#### EXERCISE REQUIREMENTS
Your answer should be one number, namely how many lines in the listing below include the word "oder".

#### DATA
# # # #

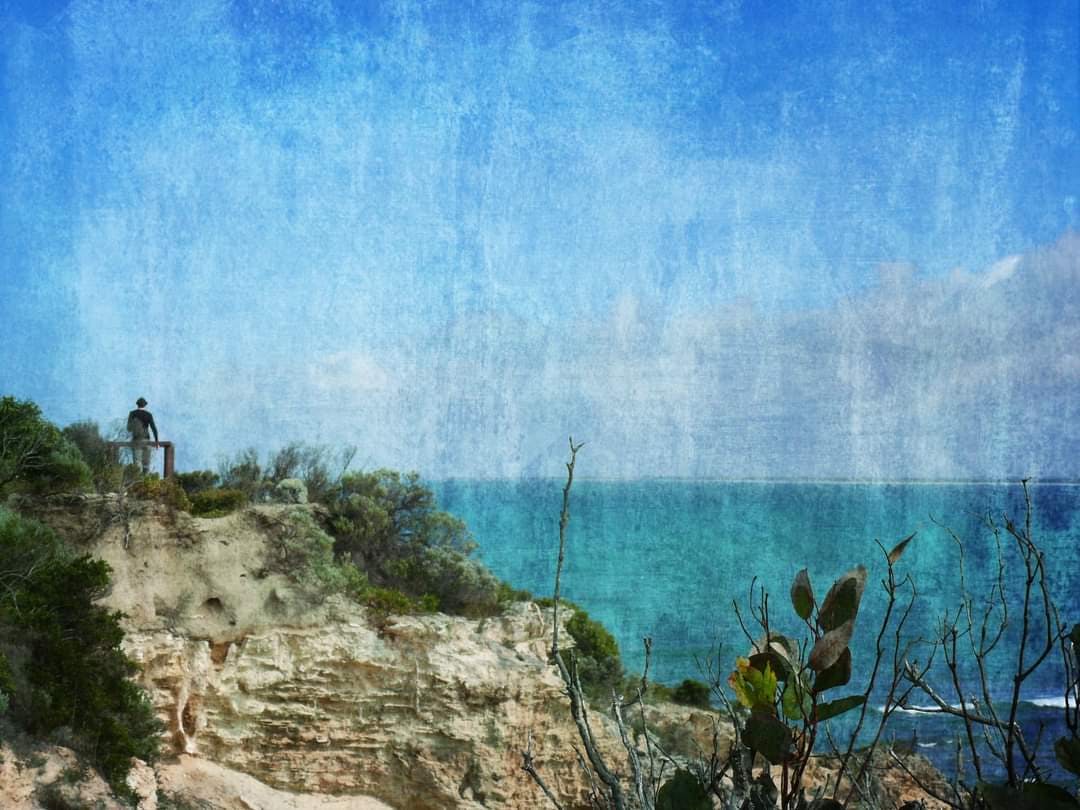 die Aussicht ( Australien)


Auflage  :              25
Groesse :              12 x 18 cm






In eigener Sache,
das Bild des Monats verwandelt sich nun in das Bild der Woche.
Ein Bild kann auch immer ein schönes Geschenk sein.


Vielen herzlichen Dank für euer Interesse.
Preise sind telefonisch zu erfragen oder per Email

Interessiert? Schreib mir einfach an cege@gmx.de

oder nehmt über meine Webseite Kontakt zu mir auf.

# # # #

#### TASK ANSWER
2